What you should do:
Copy the records below exactly, starting at the line that contains "PURLES 122 Rozjasňujúci" and ending at the line that contains "Imagem do LOTR/Hobbit"; leave out any pictures.

Top of Data provided

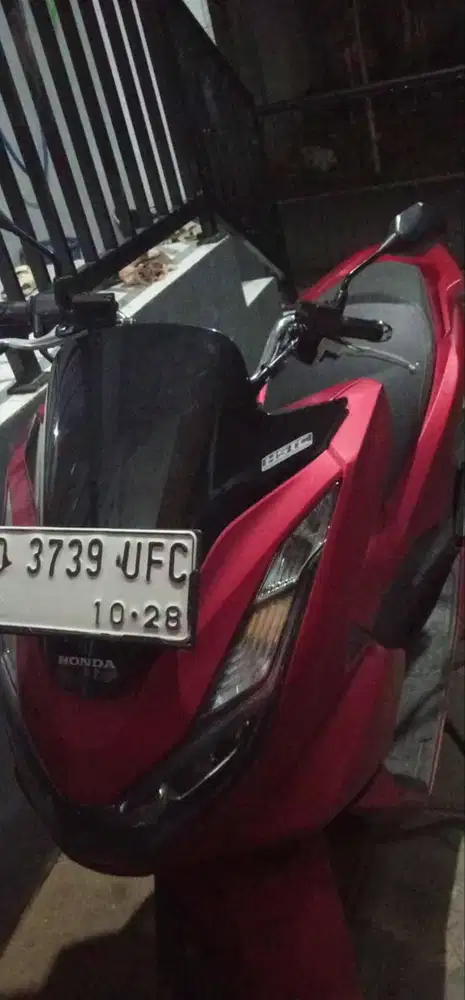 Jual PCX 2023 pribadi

Bottom of Data provided
Top of Data provided

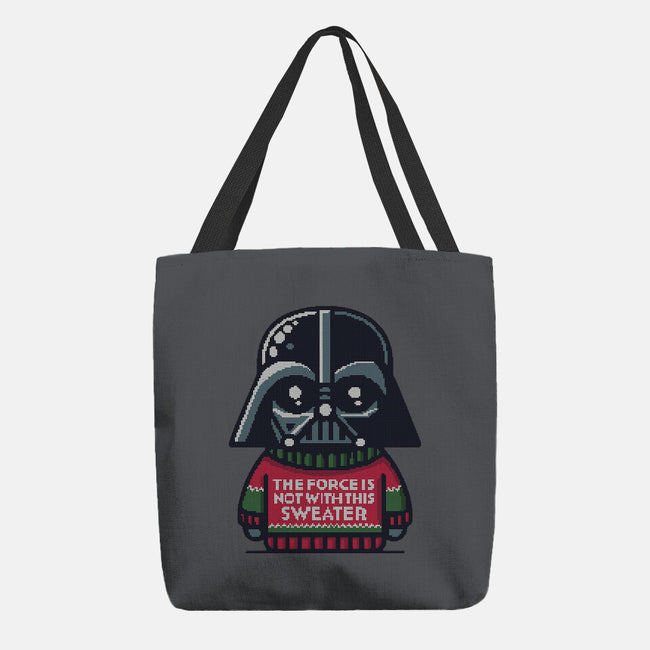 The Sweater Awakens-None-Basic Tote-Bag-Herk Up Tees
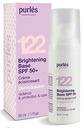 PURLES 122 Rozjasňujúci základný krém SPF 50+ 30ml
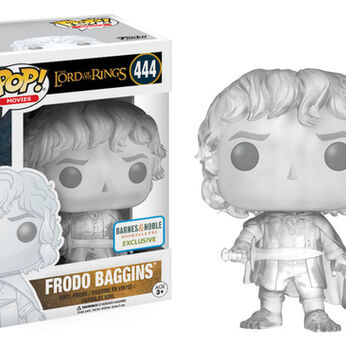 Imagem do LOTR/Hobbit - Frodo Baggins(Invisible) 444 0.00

Bottom of Data provided
Top of Data provided

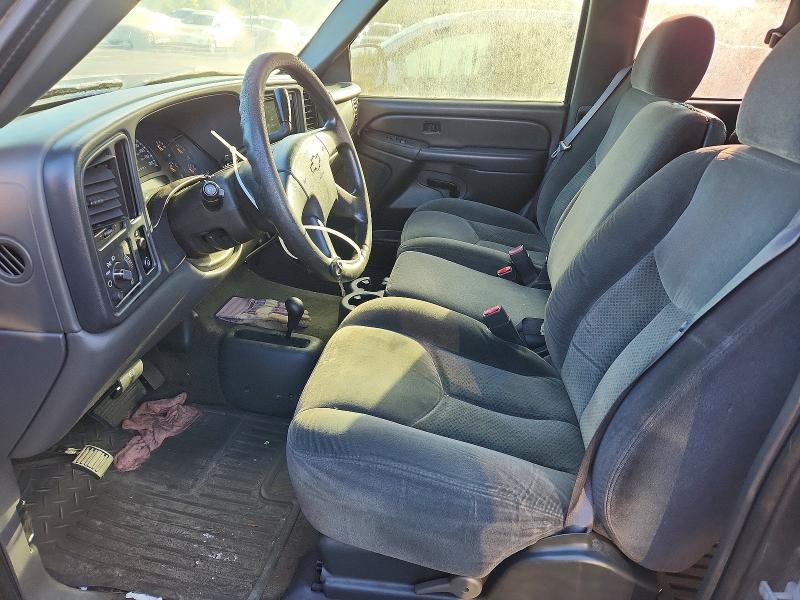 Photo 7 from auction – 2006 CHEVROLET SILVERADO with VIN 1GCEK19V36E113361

Bottom of Data provided

Response area:
 PURLES 122 Rozjasňujúci základný krém SPF 50+ 30ml
 Imagem do LOTR/Hobbit - Frodo Baggins(Invisible) 444 0.00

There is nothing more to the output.